Friday 20 November 2015
Kepler-438 B: Most Earth-Like Exoplanet Is Not Habitable, New Research Suggests
Kepler-438 b. Image courtesy of Oatenslly, Creative Commons (CC BY-SA 4.0).
Joel Kontinen
In January, Kepler-438 b was touted as the most Earth-like planet ever discovered. As it orbited its star within the habitable zone, it was seen as a potential home for alien life.
But now a press release issued by the University of Warwick suggests that the planet doesn’t even have an atmosphere:
“The most Earth-like planet could have been made uninhabitable by vast quantities of radiation, new research led by the University of Warwick has found.”
Kepler-438b orbits a red dwarf in the constellation Lyra some 470 light-years from us. Slightly bigger than Earth, it orbits its sun in 35.2 days.

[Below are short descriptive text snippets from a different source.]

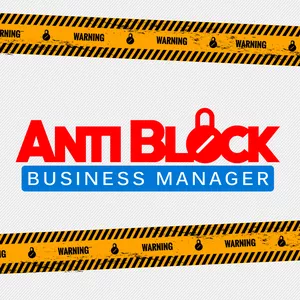 Imagen de portada para Curso online AntiBlock Business Manager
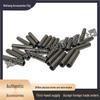 Weichai Valve Guide for WP10.5H, WP9H, WP11S Diesel Engines Original Parts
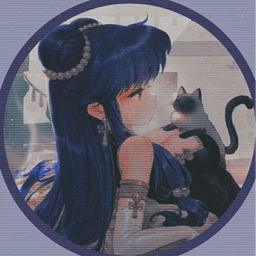ComfyCaldo avatar
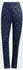 Adidas Woman x FARM Rio Tiro Training Pants (IV9754) bronze strata/dark marine/night indigo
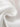 0afde32e-3071-4bc8-aba2-27d1511a4088-Max-Origin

It seems to be too close to a hot object:
“The atmosphere of the planet, Kepler-438b, is thought to have been stripped away as a result of radiation emitted from a superflaring Red Dwarf star, Kepler-438.
Regularly occurring every few hundred days, the superflares are approximately ten times more powerful than those ever recorded on the Sun and equivalent to the same energy as 100 billion megatons of TNT.”
The naturalistic worldview needs habitable exoplanets. It rejects the idea that Earth is special, and wants to see alien life wherever it is possible.
The search for life-friendly exoplanets has produced questionable “discoveries” as some of them, like Gliese 581d and Gliese 581g, might not even exist and some others might be a lot less friendly to life than once assumed.
It’s still safe to say that there’s no place like home in the universe.
Source:
University of Warwick. 2015. Most Earth-like planet uninhabitable due to radiation, new research suggests. (18 November).